Katja Wassermann - Heilpraktikerin und Diätassistentin

Bach - Blüten

Wie wirken Bachblüten?

Herkunft

Die Bach-Blütentherapie geht zurück auf den englischen Arzt Edward Bach 1886 - 1936.

Er stieß dabei auf 38 verschiedene Seelenzustände, die er 38 verschiedenen Blüten zugeordnet hatte.

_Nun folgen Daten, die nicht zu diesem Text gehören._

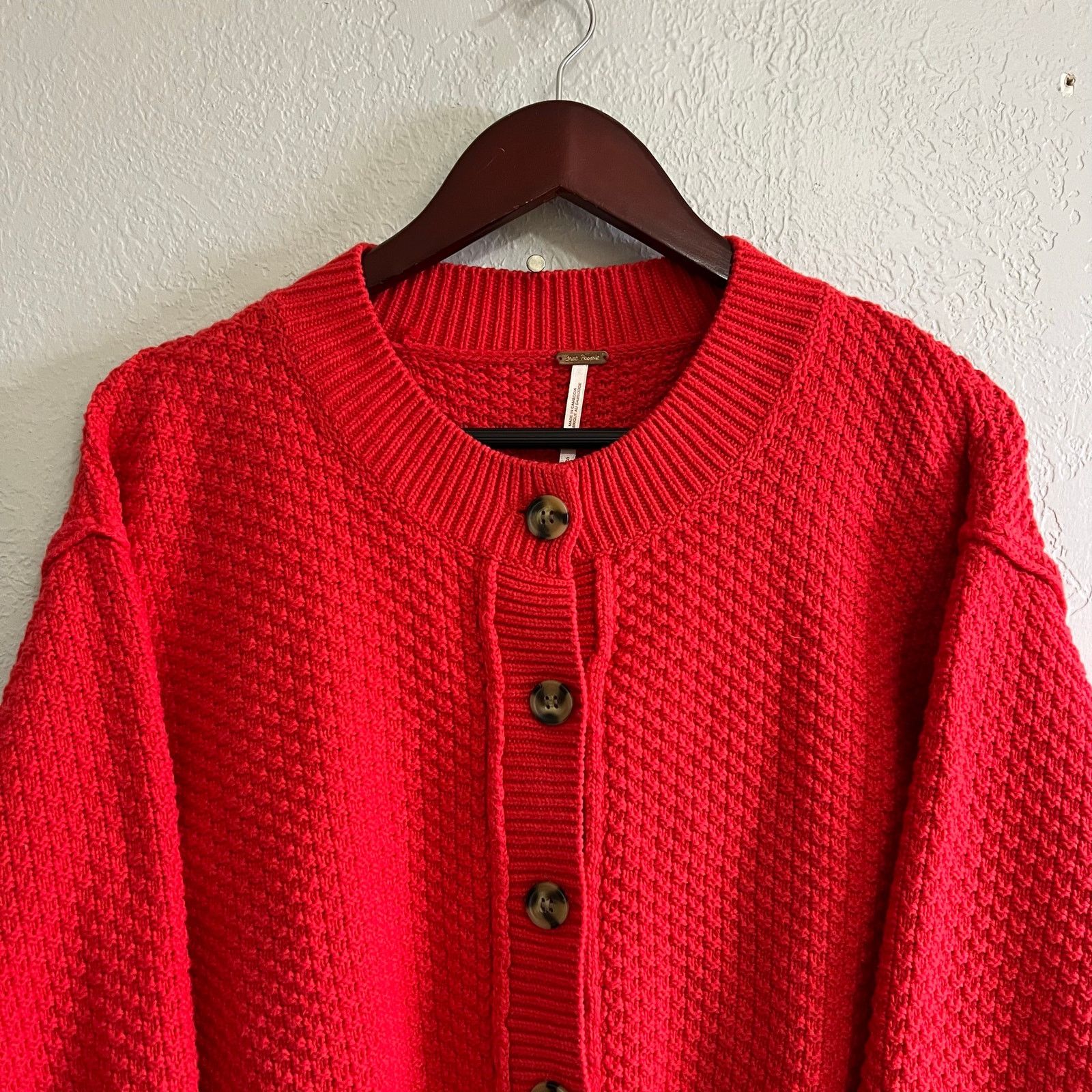 Free People Free People Textured Knit Cropped Cardigan Sweater Women's S Size S / US 4 / IT 40 - 11 Thumbnail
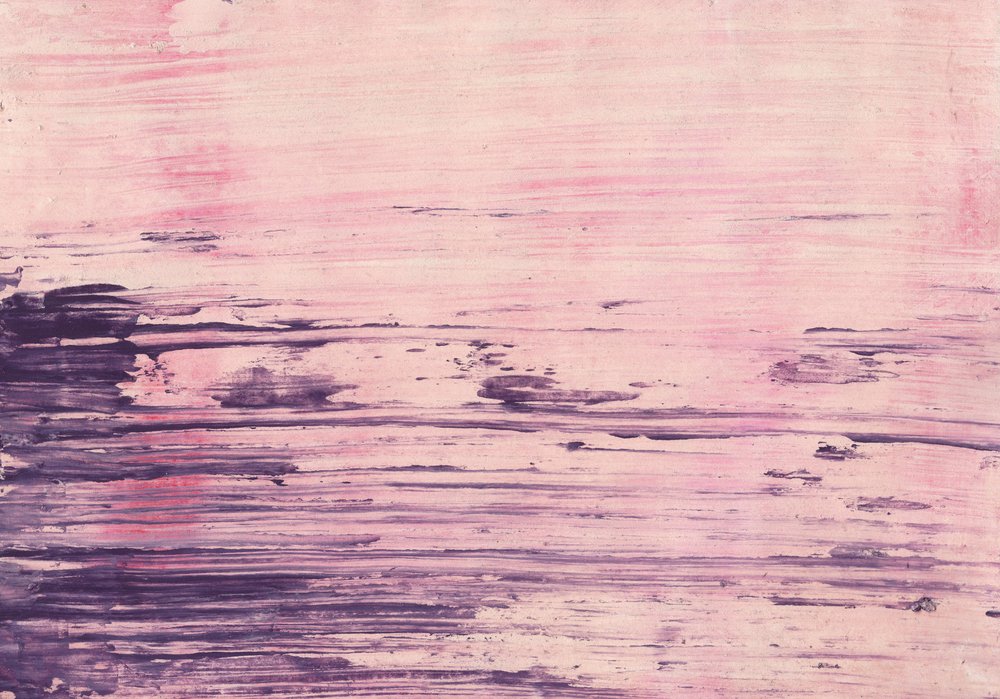 Violet Pink Abstraction by Annick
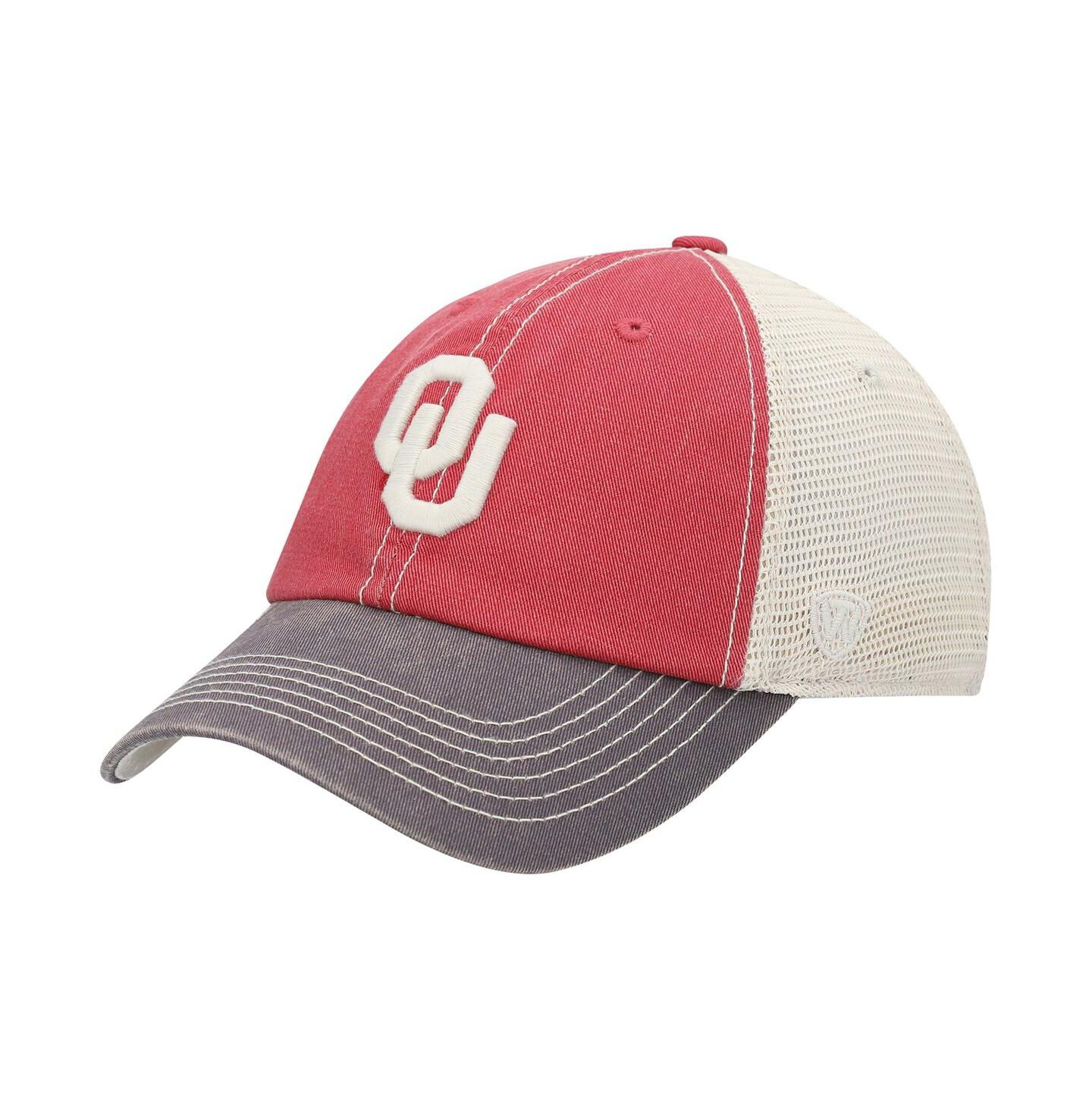 Мужская кепка Top of the World Oklahoma Sooners Offroad Trucker Adjustable Hat - Crimson — фото 2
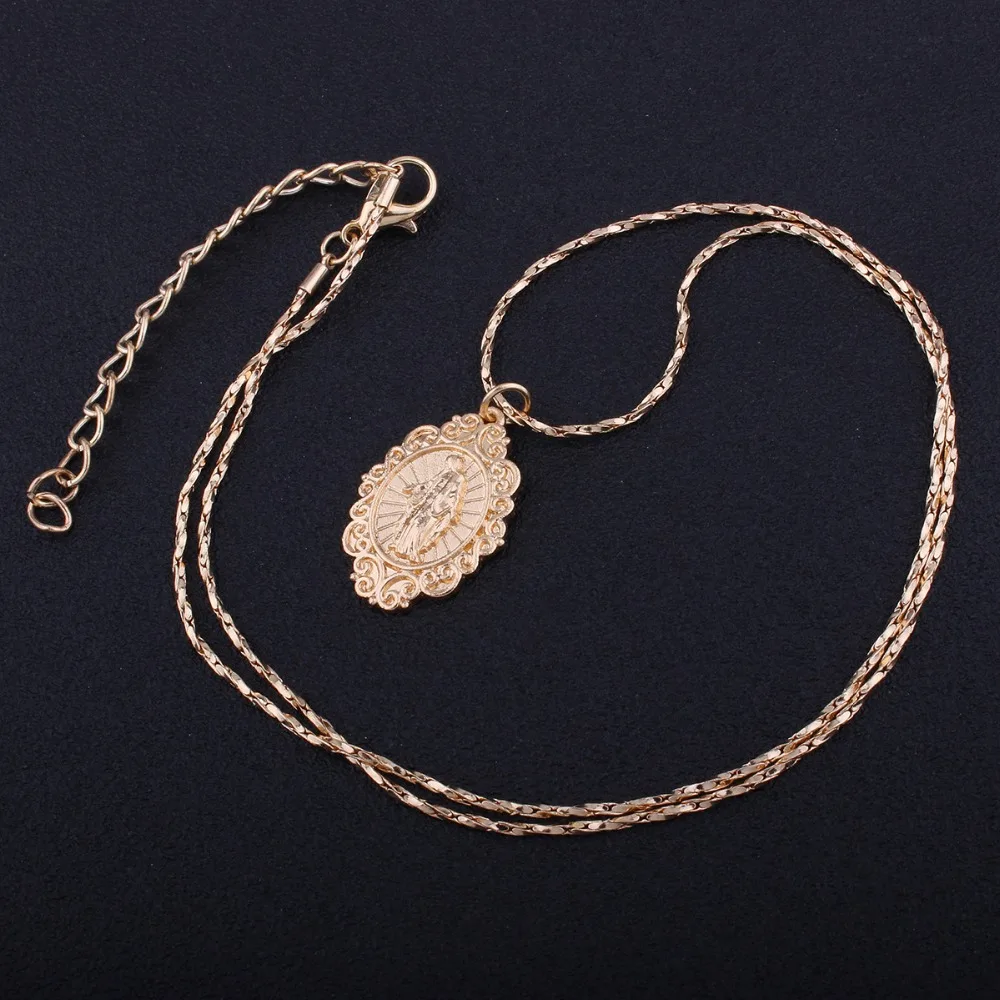 Christian Catholic Gold Chain Jesus pendant classic necklace religion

Bachs Vorstellung von Krankheit war dabei "das Ergebnis eines Konfliktes, das aus Charakterschwächen wie Hass, Egoismus, Stolz, Grausamkeit, Unwissenheit, Unsicherheit oder Habgier (Originaltext Bach)" resultiert. Damit bezieht sich die Bachblütentherapie vorrangig auf die Seele, und weniger auf körperliche Symptome. Diese können jedoch laut Bach durch die positive Wirkung auf die Seele aufgelöst werden.

Wirkungsweise

Die Blütenmittel sollen die "energetische und geistige Kraft der Pflanzen konzentriert enthalten" (Originaltext Bach) und auf das "bioenergetische Feld" des Menschen wirken.

Da diese Therapie vorwiegend auf der "Seelenebene" wirkt, können auf diese Weise schwierige Lebenssituationen oder psychische Krisen besser gemeistert werden. Auch zur Unterstützung von psychotherapeutischen Behandlungen können Blütenmittel laut Bach eingesetzt werden.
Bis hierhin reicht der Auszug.